WHAT THIS TASK INVOLVES
For every line below, output the text exactly and leave out images.

DATA PROVIDED
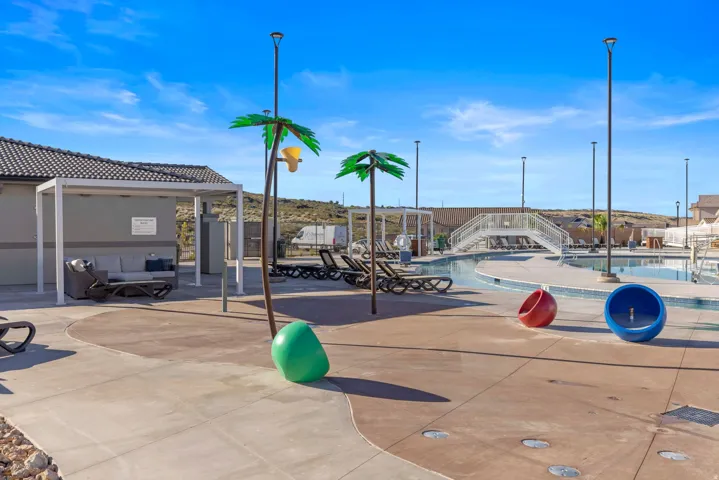 Outdoor splash pad area featuring decorative palm tree-shaped water features, a shaded lounging area, and dedicated seating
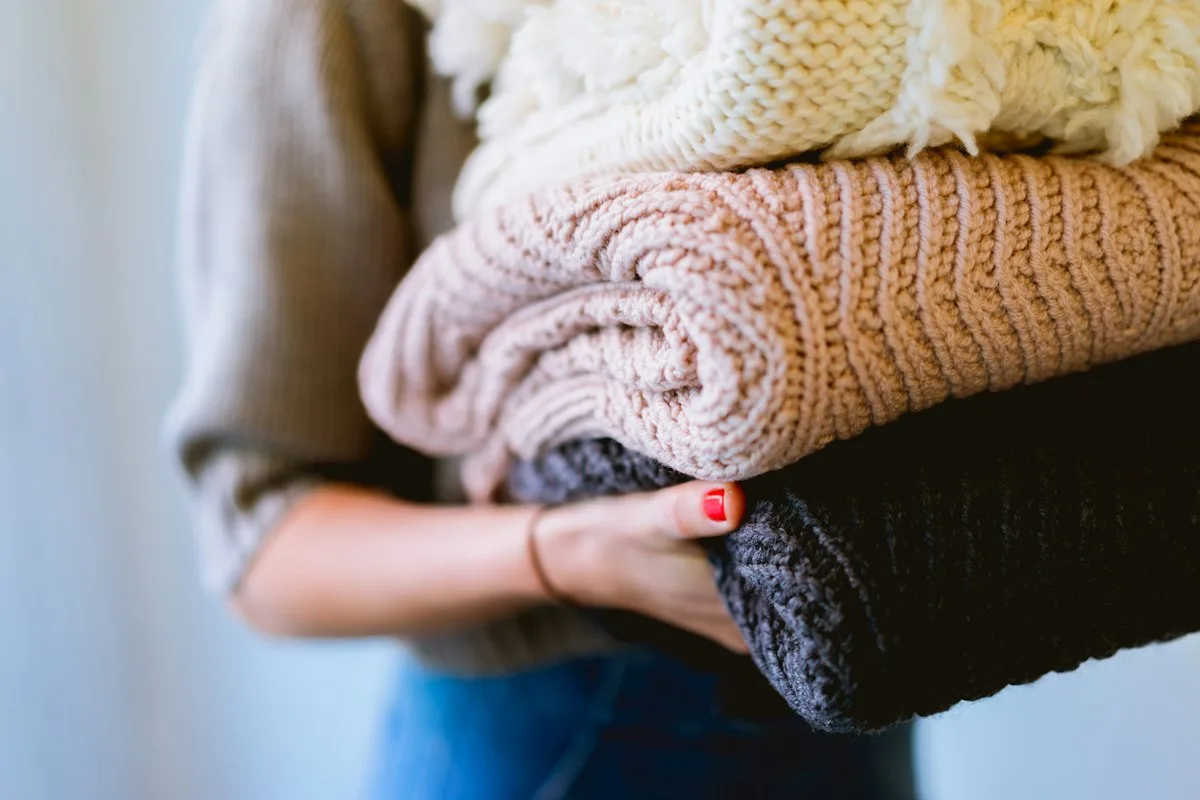 A person carrying folded clothing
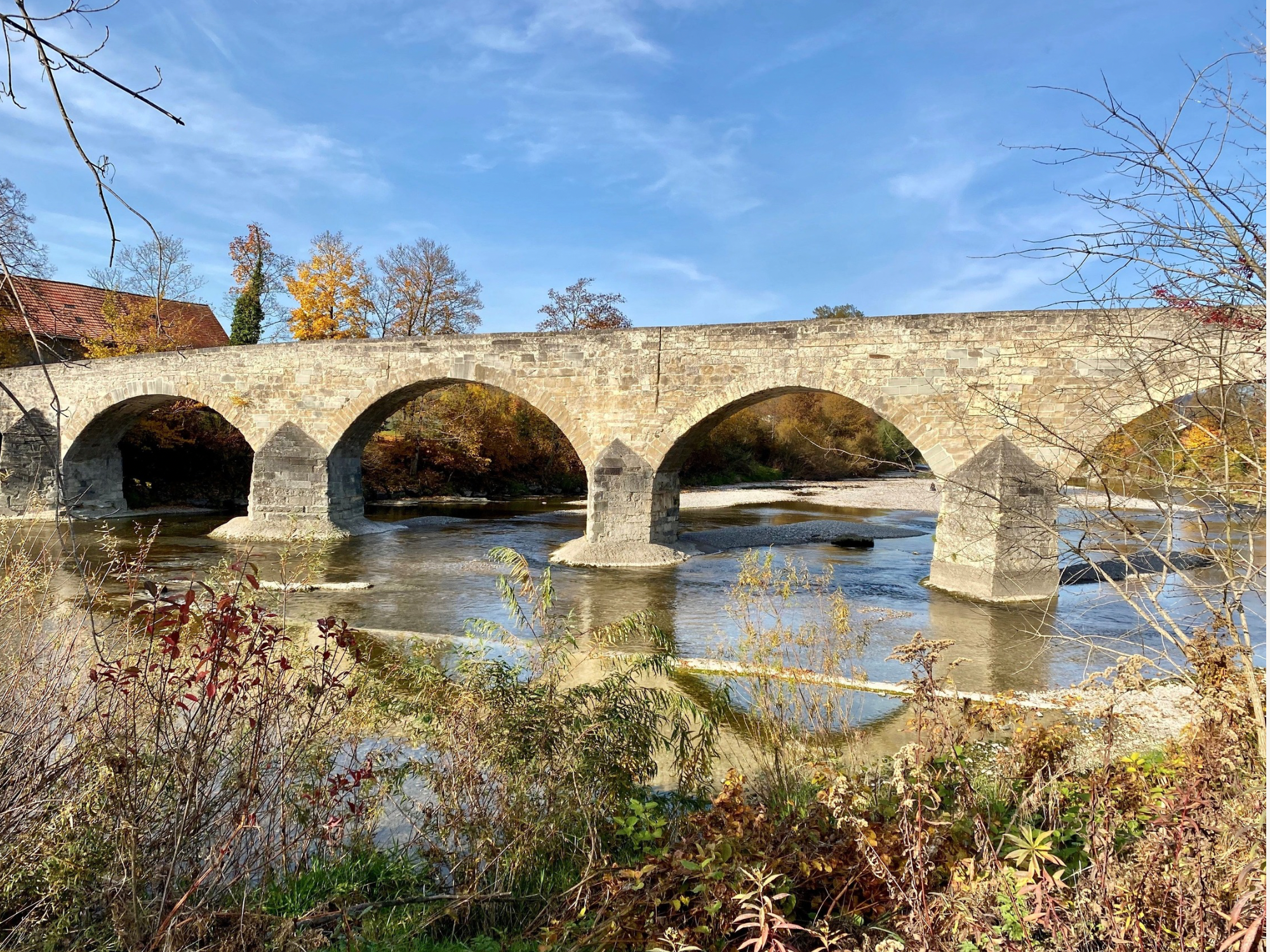 Steinbrücke über einen Fluss mit Bäumen im Herbst, blauer Himmel, einige Wolken.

OUTPUT OF THE TASK
 Outdoor splash pad area featuring decorative palm tree-shaped water features, a shaded lounging area, and dedicated seating
 A person carrying folded clothing
 Steinbrücke über einen Fluss mit Bäumen im Herbst, blauer Himmel, einige Wolken.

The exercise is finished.